AST validation vs regex for SQL — why does AST win?

Question

Accepted Answer

Regex blocklists are the natural first instinct ("just reject if the string contains DROP") and they fail in five well-documented ways: 1. **Comments.** `DR/**/OP TABLE x`, `DROP-- inline
TABLE x`. The regex sees the comment characters; the DB parser doesn't. 2. **Case + whitespace.** `dRoP	TaBlE
x`. Trivially defeated. 3. **Unicode + encoding.** Some parsers normalize Unicode lookalikes; some don't.

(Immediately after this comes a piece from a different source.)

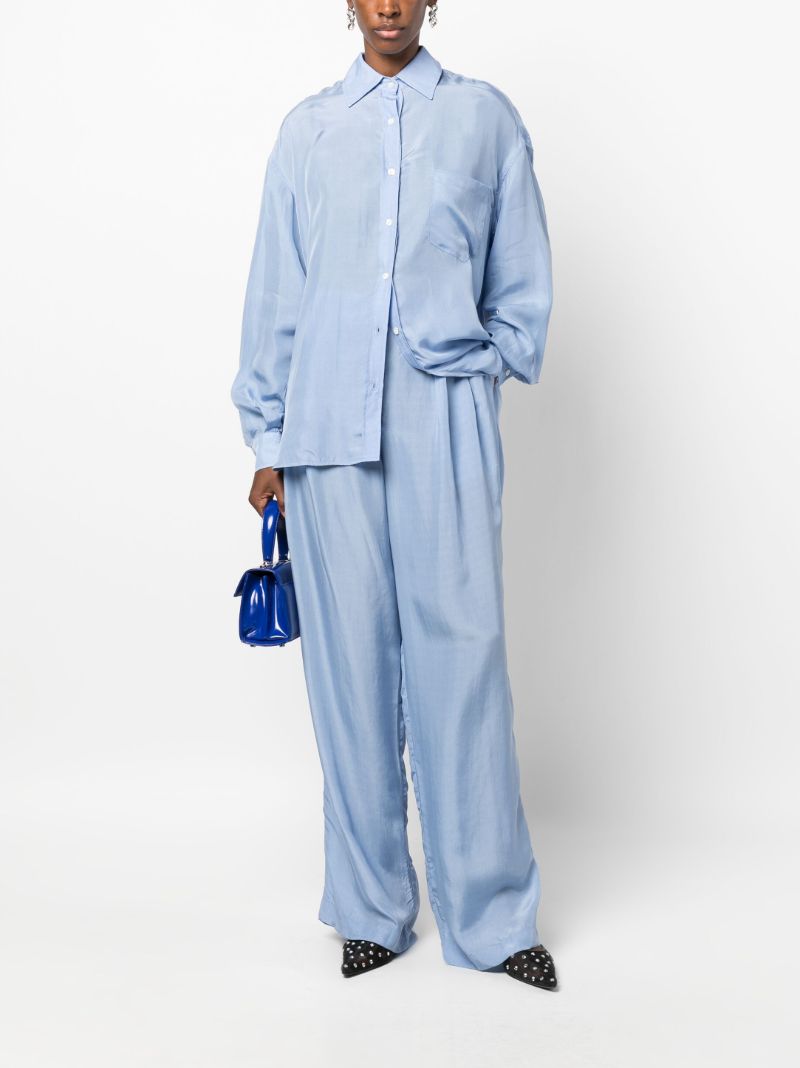 Blue Tansy Pleated Wide-leg Trousers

Regex generally doesn't. 4. **CTEs and subqueries.** `WITH x AS (DROP TABLE users) SELECT 1` — regex sees `DROP`; but actually parsing reveals this isn't valid SQL at all and would already be rejected. The flip side: `WITH x AS (SELECT 1) DELETE FROM users WHERE id IN (SELECT * FROM x)` — regex sees `DELETE`, fair, but in more elaborate forms the regex misses. 5. **False positives.** `SELECT 'I will not DROP this' AS warning` — regex blocks the legitimate query. AST validation parses the SQL with the database's own grammar (or a faithful surrogate like libpg_query for Postgres, sqlglot cross-dialect). It then inspects semantic structure: - Statement kind: `SelectStmt` vs `DropStmt` vs `DeleteStmt`. - Tables referenced (`RangeVar` nodes). - Columns projected (target list). - Predicates (`WhereClause`). - Subqueries and CTEs (recursed). The cost is single-digit milliseconds per query. The benefit: to bypass the AST validator, an attacker must produce a query that, parsed by the DB itself, doesn't include the forbidden construct — at which point the query is by definition safe by your policy. Regex bypasses are a game of strings; AST bypasses are a game of grammar, and grammar has the high ground.